_Aim of the exercise_. Every line below must be reproduced exactly; no pictures are to be included.

================================

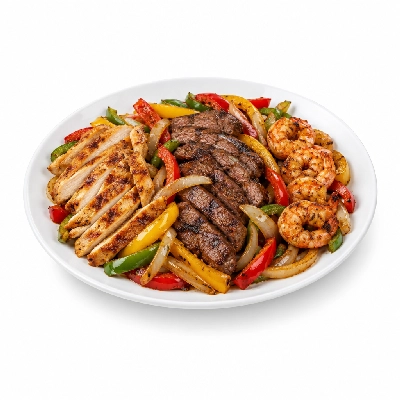 Beef 'O' Brady's Entrees Fajitas Trio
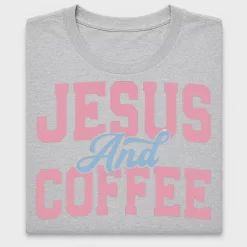 Jesus and Coffee DTF Transfer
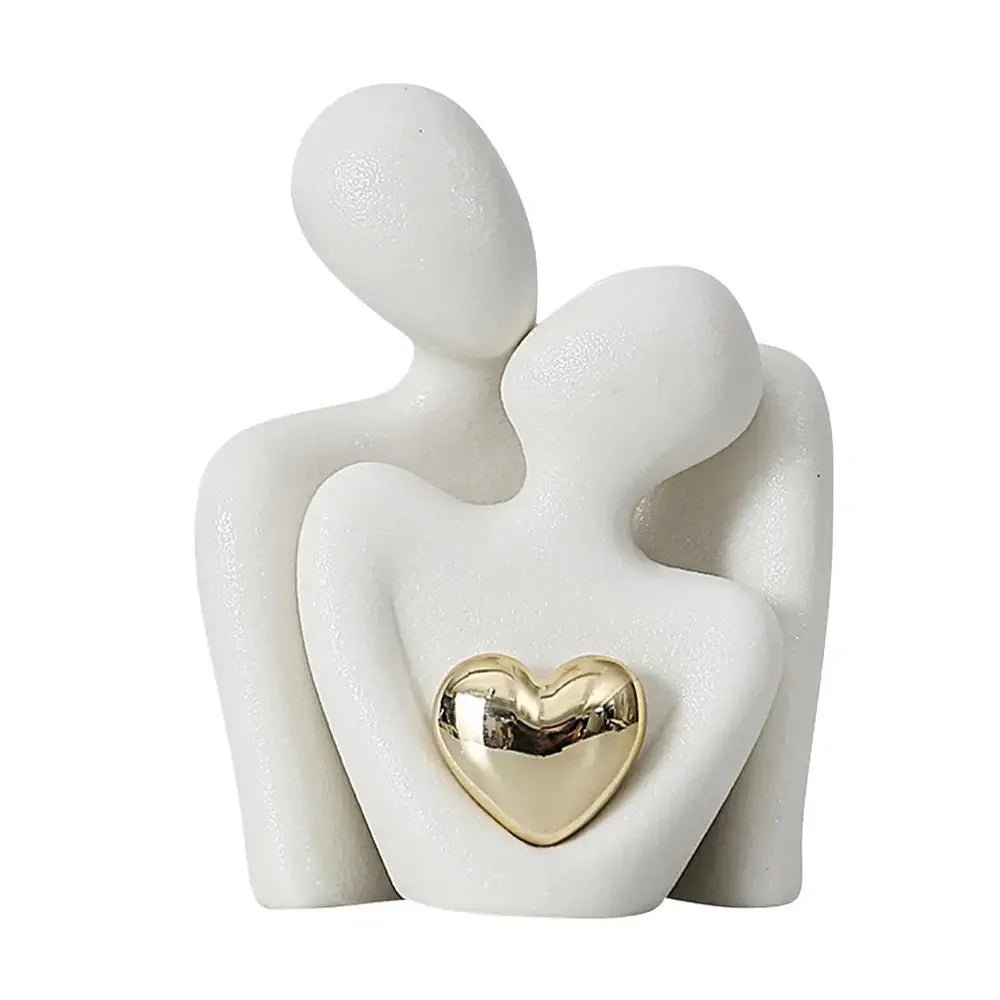 Kreative Paar - Figur: Liebhaber - Skulptur für frisch Vermählte & Wohnzimmer - ApolettaApoletta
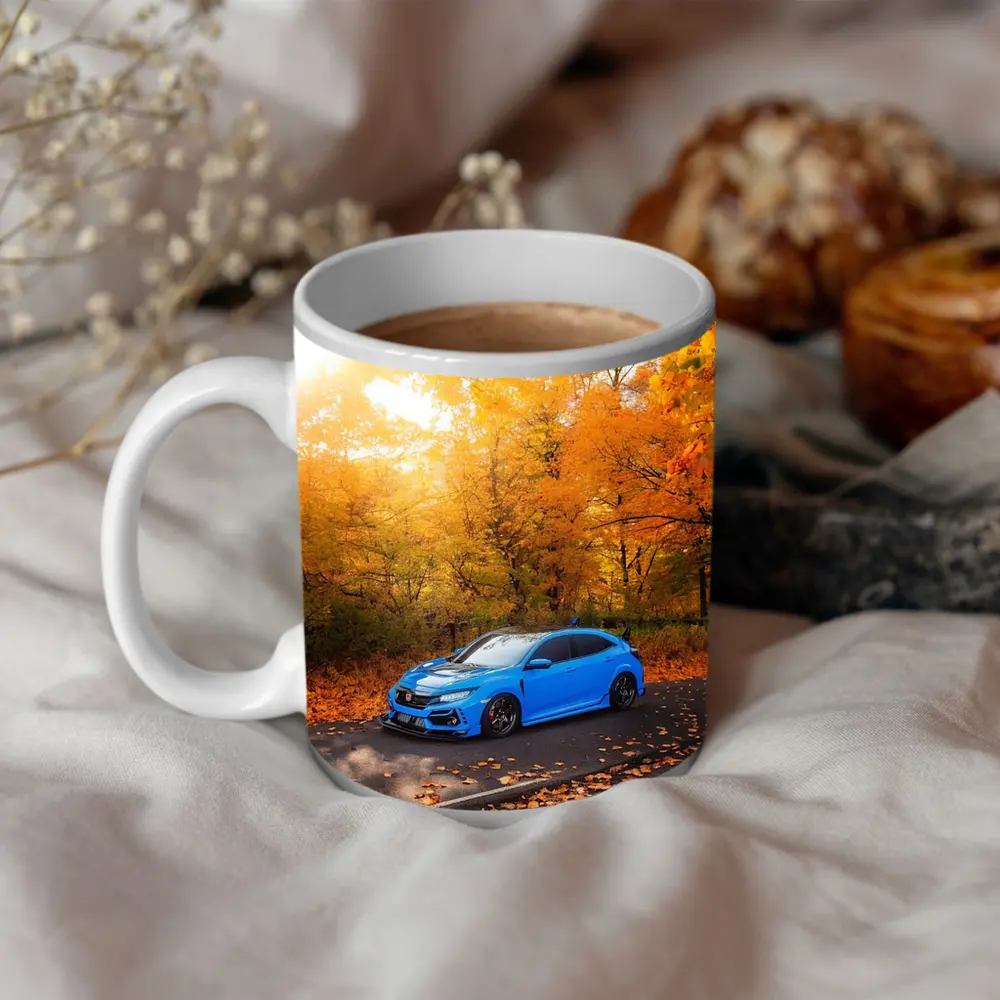 Honda Civic Type R Blue Autumn Forest – Mugs
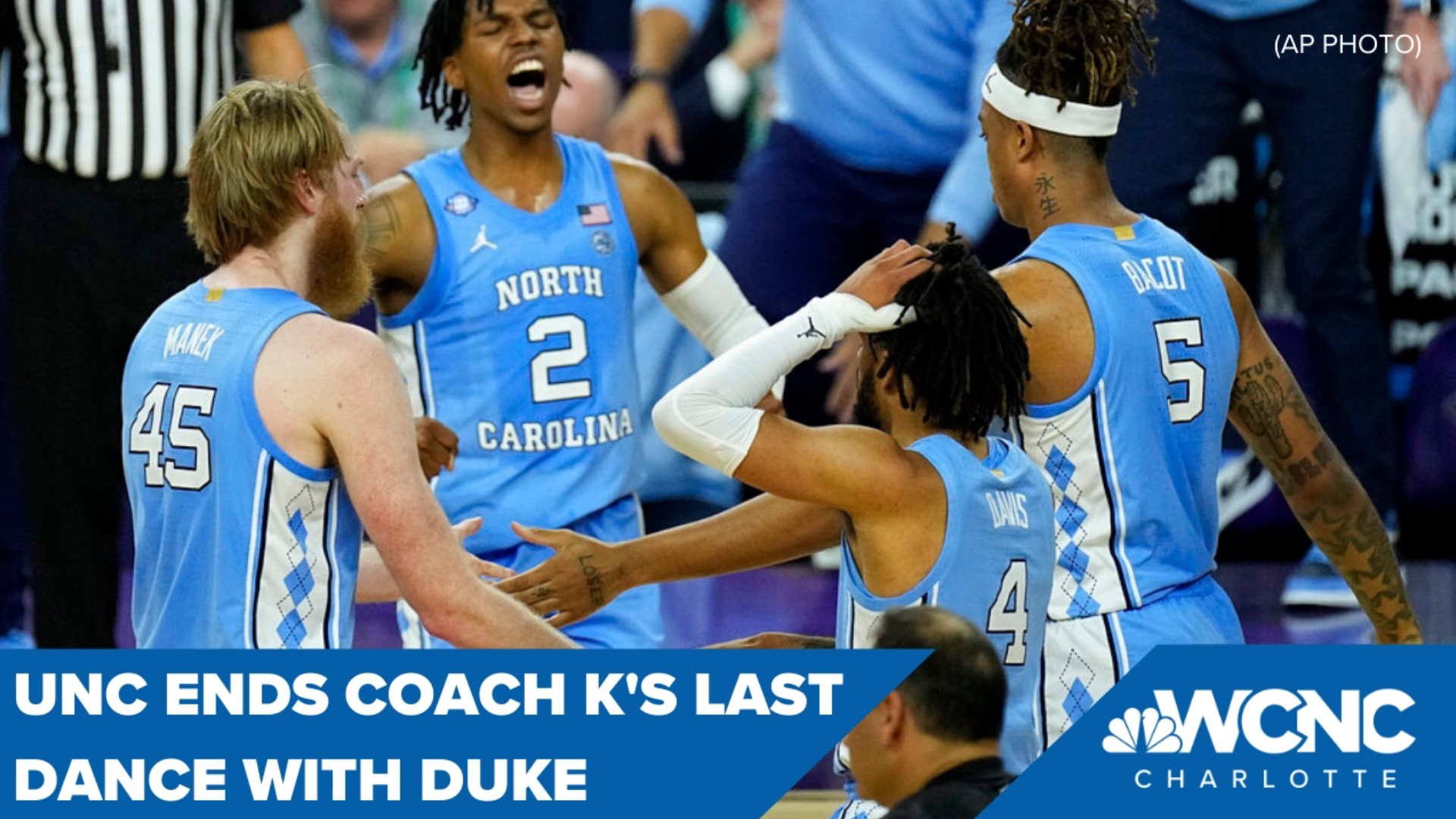 Coach K's career ends with a loss to the Tar Heels.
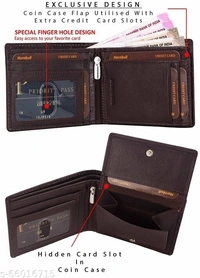 Hornbull Markus Brown Mens Leather Wallet | Leather Wallet for Men | RFID Mens Wallet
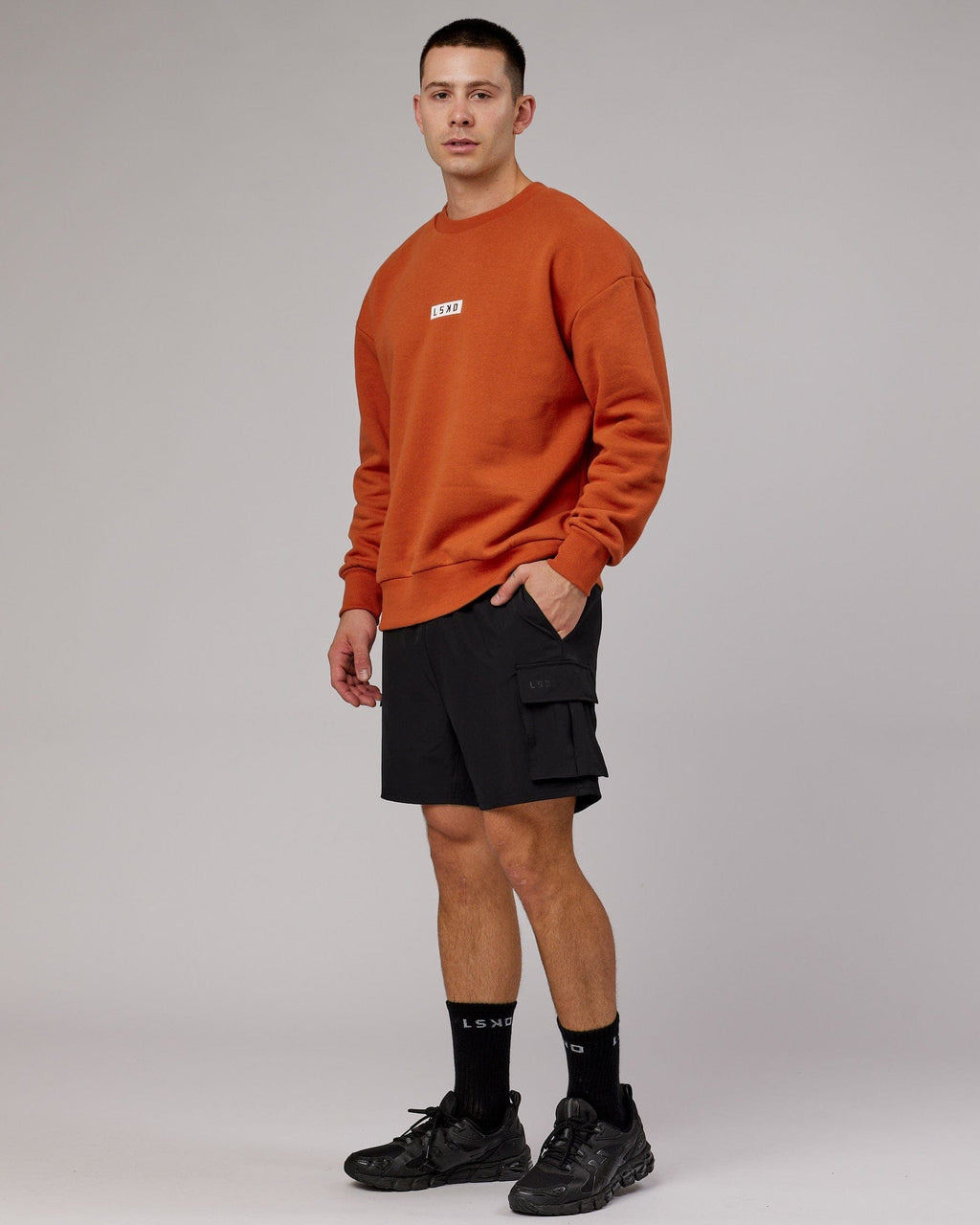 Model wearing Cornerstone Sweater Oversize - Auburn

================================

_Task solution_.
 Beef 'O' Brady's Entrees Fajitas Trio
 Jesus and Coffee DTF Transfer
 Kreative Paar - Figur: Liebhaber - Skulptur für frisch Vermählte & Wohnzimmer - ApolettaApoletta
 Honda Civic Type R Blue Autumn Forest – Mugs
 Coach K's career ends with a loss to the Tar Heels.
 Hornbull Markus Brown Mens Leather Wallet | Leather Wallet for Men | RFID Mens Wallet
 Model wearing Cornerstone Sweater Oversize - Auburn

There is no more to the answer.